Code of Conduct and Ethics

We have adopted a Code of Business Conduct and Ethics that applies to our Chief Executive Officer (our principal executive officer), Chief Financial Officer (our principal accounting officer), controller and persons performing similar functions as well as to all other employees, officers and directors of the Company. A copy is posted on our website at http://www.mimedx.com/investors/corporate-governance/. In the event that we amend any of the provisions of the Code of Business Conduct and Ethics that require disclosure under any applicable law, SEC rules or applicable listing standards, we intend to disclose the amendment on our website.

Any waiver of the Code of Business Conduct and Ethics for any executive officer or director must be approved by the Board and will be disclosed on a Form 8-K filed with the SEC, along with the reasons for the waiver.

Audit Committee and Audit Committee Financial Expert

We are not a “listed company” under SEC rules and are therefore not required to have an audit committee comprised of independent directors. However, we intend to comply with the rules of the American Stock Exchange (“AMEX”), which require that as a “smaller reporting company,” as that term is defined in Item 10(f)(1) of Regulation S-K, the Audit Committee of the Board be comprised of at least two members, all of whom qualify as “independent” under the criteria set forth in Rule 10 A-3 of the Exchange Act.

We established an Audit Committee comprised of three independent members of our Board of Directors in April 2008. The current members of the Audit Committee are J. Terry Dewberry (Chairman); Larry W. Papasan, and Joseph Bleser. The Board has determined that Mr. Papasan is an “audit committee financial expert” within the meaning of Item 407(d)(5)(ii) of SEC Regulations S-K. The charter for the Audit Committee is posted on our website at http://www.mimedx.com/investors/corporate-governance/.

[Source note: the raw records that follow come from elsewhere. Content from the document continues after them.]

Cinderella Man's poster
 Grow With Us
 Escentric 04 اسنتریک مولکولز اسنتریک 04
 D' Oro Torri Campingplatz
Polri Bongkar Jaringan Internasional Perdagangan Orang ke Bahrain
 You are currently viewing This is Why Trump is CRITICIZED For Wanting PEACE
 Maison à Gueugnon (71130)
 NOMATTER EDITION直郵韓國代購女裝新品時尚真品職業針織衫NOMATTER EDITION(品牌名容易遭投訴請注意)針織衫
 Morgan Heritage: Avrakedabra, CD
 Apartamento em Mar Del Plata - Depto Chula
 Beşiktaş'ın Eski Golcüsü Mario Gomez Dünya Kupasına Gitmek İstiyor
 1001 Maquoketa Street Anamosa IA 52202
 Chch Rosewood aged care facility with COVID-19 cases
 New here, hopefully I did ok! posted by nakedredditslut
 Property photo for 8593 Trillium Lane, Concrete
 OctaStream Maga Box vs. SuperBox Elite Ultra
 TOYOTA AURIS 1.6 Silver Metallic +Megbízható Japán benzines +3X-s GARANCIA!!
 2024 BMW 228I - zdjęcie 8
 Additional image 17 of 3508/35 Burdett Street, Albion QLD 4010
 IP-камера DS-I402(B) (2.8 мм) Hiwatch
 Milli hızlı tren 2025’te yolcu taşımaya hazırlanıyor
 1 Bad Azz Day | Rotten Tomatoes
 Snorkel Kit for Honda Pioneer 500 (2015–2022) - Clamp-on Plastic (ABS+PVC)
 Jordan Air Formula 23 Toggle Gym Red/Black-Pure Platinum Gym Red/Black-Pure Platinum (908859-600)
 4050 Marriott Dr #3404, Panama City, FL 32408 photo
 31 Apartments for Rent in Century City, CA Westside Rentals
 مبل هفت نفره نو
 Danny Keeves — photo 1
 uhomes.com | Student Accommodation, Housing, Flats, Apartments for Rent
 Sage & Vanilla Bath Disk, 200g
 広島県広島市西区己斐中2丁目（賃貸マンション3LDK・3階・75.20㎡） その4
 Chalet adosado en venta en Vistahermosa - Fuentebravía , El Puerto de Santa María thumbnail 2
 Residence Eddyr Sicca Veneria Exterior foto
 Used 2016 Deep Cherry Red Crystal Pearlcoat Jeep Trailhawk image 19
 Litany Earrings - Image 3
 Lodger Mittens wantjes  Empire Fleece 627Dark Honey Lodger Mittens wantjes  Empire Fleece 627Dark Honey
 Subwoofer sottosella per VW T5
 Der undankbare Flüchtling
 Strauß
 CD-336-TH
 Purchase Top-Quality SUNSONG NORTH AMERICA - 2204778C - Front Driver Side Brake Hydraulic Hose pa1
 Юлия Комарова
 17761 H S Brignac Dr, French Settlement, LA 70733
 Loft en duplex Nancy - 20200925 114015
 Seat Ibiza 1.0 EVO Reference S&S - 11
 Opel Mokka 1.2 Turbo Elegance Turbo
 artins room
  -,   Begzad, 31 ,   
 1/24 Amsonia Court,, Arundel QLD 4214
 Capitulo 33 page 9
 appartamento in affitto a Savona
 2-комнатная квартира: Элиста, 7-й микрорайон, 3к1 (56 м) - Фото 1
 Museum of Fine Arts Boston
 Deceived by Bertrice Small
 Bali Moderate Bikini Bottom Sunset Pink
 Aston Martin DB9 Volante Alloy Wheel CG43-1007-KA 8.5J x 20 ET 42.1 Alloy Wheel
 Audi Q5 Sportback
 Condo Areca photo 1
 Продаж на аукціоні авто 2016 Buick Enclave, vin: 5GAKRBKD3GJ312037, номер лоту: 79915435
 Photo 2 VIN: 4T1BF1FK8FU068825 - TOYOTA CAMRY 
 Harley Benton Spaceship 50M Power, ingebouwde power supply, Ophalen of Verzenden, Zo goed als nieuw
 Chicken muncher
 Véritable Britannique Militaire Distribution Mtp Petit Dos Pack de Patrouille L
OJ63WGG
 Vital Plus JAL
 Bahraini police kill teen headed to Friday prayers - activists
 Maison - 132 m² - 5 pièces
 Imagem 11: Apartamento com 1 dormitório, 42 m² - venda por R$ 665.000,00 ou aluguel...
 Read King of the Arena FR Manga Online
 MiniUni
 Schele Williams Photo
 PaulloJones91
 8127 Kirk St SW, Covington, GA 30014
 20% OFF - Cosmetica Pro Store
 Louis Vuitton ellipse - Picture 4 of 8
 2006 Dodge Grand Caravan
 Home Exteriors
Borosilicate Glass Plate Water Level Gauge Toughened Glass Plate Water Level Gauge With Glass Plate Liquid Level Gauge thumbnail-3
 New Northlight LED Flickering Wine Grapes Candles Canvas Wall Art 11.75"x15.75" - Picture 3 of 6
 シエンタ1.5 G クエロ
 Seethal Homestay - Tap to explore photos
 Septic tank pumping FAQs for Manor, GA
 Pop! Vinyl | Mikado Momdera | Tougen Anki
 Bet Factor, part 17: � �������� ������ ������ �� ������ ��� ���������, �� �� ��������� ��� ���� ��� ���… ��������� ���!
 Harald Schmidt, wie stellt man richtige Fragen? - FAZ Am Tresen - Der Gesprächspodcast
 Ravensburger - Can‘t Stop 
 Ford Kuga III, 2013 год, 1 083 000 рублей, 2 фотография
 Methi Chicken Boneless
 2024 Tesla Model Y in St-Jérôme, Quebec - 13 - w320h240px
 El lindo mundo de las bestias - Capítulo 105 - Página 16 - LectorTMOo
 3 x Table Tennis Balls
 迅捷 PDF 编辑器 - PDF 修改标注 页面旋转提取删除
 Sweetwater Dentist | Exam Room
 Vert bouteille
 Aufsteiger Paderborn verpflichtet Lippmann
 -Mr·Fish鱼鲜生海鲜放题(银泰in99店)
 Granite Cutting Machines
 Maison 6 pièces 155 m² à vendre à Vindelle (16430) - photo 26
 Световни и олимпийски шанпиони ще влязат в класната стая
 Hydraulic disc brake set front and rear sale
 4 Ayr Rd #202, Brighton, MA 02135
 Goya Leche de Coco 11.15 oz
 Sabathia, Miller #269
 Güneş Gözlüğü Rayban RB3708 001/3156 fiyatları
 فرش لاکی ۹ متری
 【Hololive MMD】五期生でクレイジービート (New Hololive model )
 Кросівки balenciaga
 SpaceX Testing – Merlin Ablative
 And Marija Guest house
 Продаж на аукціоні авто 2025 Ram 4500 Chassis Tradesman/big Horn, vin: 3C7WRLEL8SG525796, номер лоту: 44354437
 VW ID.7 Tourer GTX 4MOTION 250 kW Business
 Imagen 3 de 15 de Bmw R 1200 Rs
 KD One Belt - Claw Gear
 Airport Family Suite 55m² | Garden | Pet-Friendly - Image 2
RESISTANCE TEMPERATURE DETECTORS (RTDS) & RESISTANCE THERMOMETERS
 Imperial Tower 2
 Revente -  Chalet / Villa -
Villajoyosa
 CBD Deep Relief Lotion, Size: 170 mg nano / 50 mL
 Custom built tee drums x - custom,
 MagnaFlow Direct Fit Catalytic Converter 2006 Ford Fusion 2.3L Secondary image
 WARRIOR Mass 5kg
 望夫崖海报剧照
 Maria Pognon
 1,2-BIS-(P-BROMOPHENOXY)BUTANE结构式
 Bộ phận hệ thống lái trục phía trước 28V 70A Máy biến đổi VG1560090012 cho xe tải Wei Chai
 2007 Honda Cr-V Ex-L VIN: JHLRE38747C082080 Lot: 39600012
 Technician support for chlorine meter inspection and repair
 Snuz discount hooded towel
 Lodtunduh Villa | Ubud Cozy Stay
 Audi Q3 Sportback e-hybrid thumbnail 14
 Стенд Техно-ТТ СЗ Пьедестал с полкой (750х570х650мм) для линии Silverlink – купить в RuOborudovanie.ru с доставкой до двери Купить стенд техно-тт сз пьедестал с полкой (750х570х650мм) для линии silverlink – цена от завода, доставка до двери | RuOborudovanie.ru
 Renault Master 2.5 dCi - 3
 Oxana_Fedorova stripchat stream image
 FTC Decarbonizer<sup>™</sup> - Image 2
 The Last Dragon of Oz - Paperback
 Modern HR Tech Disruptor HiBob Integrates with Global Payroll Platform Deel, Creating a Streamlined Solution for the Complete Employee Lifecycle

As part of its duties, the Audit Committee:

 

  Oversees the accounting and financial reporting processes of the Company and the audits of the Company’s financial statements;

 

  Reviews the Company’s financial statements with management and the Company’s outside auditors, and recommends to the Board whether the audited financial statements should be included in the Company’s report on Form 10-K;

 

  Establishes policies and procedures to take, or recommends that the full Board take, appropriate action to oversee the independence of the outside auditors;

 

7


Table of Contents
  Establishes policies and procedures for the engagement of the outside auditors to provide permitted non-audit services;

 

  Takes responsibility for the appointment, compensation, retention, and oversight of the work of the Company’s outside auditors and recommends their selection and engagement;

 

  Ensures that the outside auditors report directly to the Audit Committee;

 

  Reviews the performance of the outside auditors and takes direct responsibility for hiring and, if appropriate, replacing any outside auditor failing to perform satisfactorily;

 

  Provides, as part of the Company’s proxy filed pursuant to SEC regulations, the report required by SEC regulations; and

 

  Establishes procedures for handling complaints received by the Company regarding accounting, internal accounting controls, or auditing matters.

 

Item 11. Executive Compensation

We established our Compensation Committee in April 2008. Its membership currently consists of Kurt M. Eichler (Chairman), Larry W. Papasan and Joseph G. Bleser. The Board of Directors has determined that each of the members is “independent,” as described above. The charter for the Compensation Committee is posted on our website at http://www.mimedx.com/investors/corporate-governance/.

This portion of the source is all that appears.